In [None]:
# Imports
import babypandas as bpd
import numpy as np

import matplotlib.pyplot as plt
plt.style.use('fivethirtyeight')

# Animations
from IPython.display import display, IFrame

def show_confidence_interval_slides():
    src="https://docs.google.com/presentation/d/e/2PACX-1vTaPZsueXI6fey_5cj2Y1TevkR1joBvpwaWVsZNvgBlnJSrw1EiBLHJywkFH_QNLU5Tdr6JZgDrhFxG/embed?start=false&loop=false&delayms=3000"
    width = 960
    height = 989
    display(IFrame(src, width, height))

# Lecture 20 – Confidence Intervals, Center and Spread

## DSC 10, Winter 2022

### Announcements

- Homework 6 is due on **Saturday 2/26 at 11:59pm**.
- Lab 6 is due on **Tuesday 3/1 at 11:59pm**.
- The Final Project is released, and is due on **Wednesday 3/9 at 11:59pm** ‼️
    - Start early and come to office hours.
    - You can work with a partner – use [this sheet](https://docs.google.com/spreadsheets/d/1m5eDcFdYTQq5bu9VRYINZBFgckCyJEOXZFZGZ9bQqKY/edit#gid=00) to find one, and follow the [pair programming guidelines](https://dsc10.com/pair-programming) if you do work with one.
- Consider taking Suraj's [History of Data Science](https://dsc-courses.github.io/dsc90-2022-wi/) seminar next quarter!

### Agenda

- Confidence intervals for hypothesis testing.
- Mean and median.
- Standard deviation.

## Confidence intervals and hypothesis testing

In [None]:
show_confidence_interval_slides()

### Using a confidence interval for hypothesis testing

It turns out that we can use bootstrapped confidence intervals for hypothesis testing!
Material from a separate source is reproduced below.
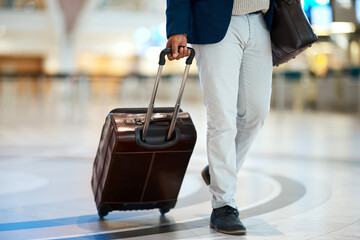 Airport, suitcase and black man travel for business opportunity, international career and immigration. Professional person or entrepreneur legs walking with luggage for flight, wealth and global job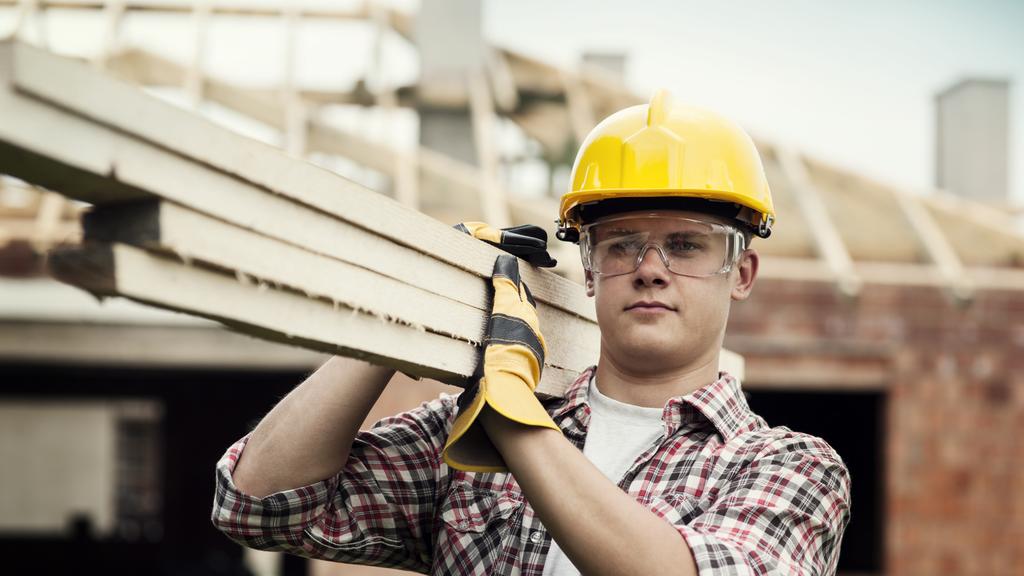 Young construction worker carrying wood boards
- **Null hypothesis**: The population parameter is equal to some value, $x$.
- **Alternative hypothesis**: The population parameter is not equal to $x$.
- Cutoff for p-value: p%.
- Strategy:
    - Construct a (100-p)% confidence interval for the population parameter.
    - If $x$ is not in the interval, reject the null hypothesis.
    - If $x$ is in the interval, our results are consistent with the null (fail to reject it).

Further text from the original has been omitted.